An Austrian law student thought Facebook wasn't safeguarding his status updates and private chats from the spying U.S. government. So he took the company to Europe's highest court. And now thousands of U.S. companies have lost their shield against Europe's privacy police.

The Oct. 6 ruling by the Court of Justice of the European Union ended a 15-year-old agreement that enabled American companies to collect and store private data on European citizens. The decision to toss out the "Safe Harbour" agreement exposes more than 4,000 businesses, including such Minnesota giants as 3M, Ecolab and St. Jude Medical, to potential investigation by European government agencies that enforce privacy laws.

"This really was a bombshell in the world of data transfer and the ability of businesses to do what they need to do," said Mike Cohen, a principal at Gray Plant Mooty in Minneapolis, who advises companies on privacy law.

Despite that, no one expects the E.U. to set up a blockade on the transatlantic flow of data while governments and businesses scramble to work out new arrangements. But it reveals Europeans' higher expectation of privacy for the data they provide to companies, and their increasing alarm with how American businesses, knowingly or not, share it with others.

"They look at [privacy] as a fundamental right," Cohen said. "Here in the U.S., we look at data to monetize it."

Practices that Americans take for granted — mailing lists being shared, marketing pitches based on shopping behavior — are "mind-boggling" to Europeans, said William McGeveran, a law professor at the University of Minnesota. "When you talk to Europeans, they just can't believe all these businesses just swap information about what kind of customer you are."

That concern was the origin of the Safe Harbour agreement. In 2000, the E.U. decided U.S. laws did not adequately protect information on European customers, employees and others. But individual companies could certify that they would abide by European standards of data security.

McGeveran said the ruling in the Safe Harbour case is consistent with the court's 2014 decision that Europeans have a "right to be forgotten," a ruling that forced Google to delete links to information about individuals if they can show the sites are irrelevant or outdated. European countries also have government agencies, called data protection authorities, that enforce violations of privacy laws.

The current controversy began when the Austrian student, Max Schrems, was studying in California a few years ago, according to a recent New York Times profile. Schrems told the Times that a Silicon Valley executive visited his class and seemed to have little regard for Europe's laws on data privacy.

Those laws allow private citizens to get the information companies hold on them, so Schrems requested his own data from Facebook. He was shocked to find the company had a complete record of everything he had done on Facebook from the moment he registered, including data that he had deleted.

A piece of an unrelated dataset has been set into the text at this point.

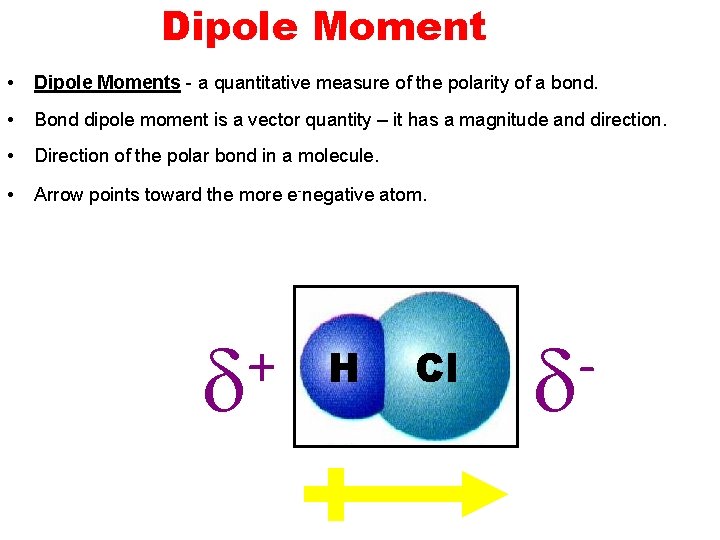 Dipole Moment • Dipole Moments - a quantitative measure of the polarity of a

In spring 2013, Edward Snowden's revelations of massive surveillance by the National Security Agency (NSA) prompted Schrems to file a complaint against Facebook in Ireland, where its European operations are based. Schrems argued that Facebook could not keep his data safe from the NSA and other unauthorized users once it was stored on U.S. servers.

The ruling from Europe's high court made Schrems, 28, a celebrity among privacy campaigners and earned him a congratulatory tweet from Snowden.

The sensitivity to U.S. spying on Europeans is somewhat baffling, given recent moves in France and other European countries to increase surveillance of its citizens, McGeveran said.

It's also ironic that the watershed privacy ruling emerges from posts on Facebook, where "friends" feel compelled to document every meal, bike ride and goofy argument with their toddlers, rather than sensitive information handed over to a bank or medical clinic.

For all their obsession with privacy, Europeans are more accustomed than Americans to sharing certain things about themselves. Job applicants routinely offer their ages, marital status and religion to potential employers, all of which U.S. employers are prohibited from asking due to anti-discrimination laws, McGeveran said.

Meanwhile, Europeans are quite open about something that most Americans avoid in public: nudity.

"There are topless beaches all over the place," McGeveran said.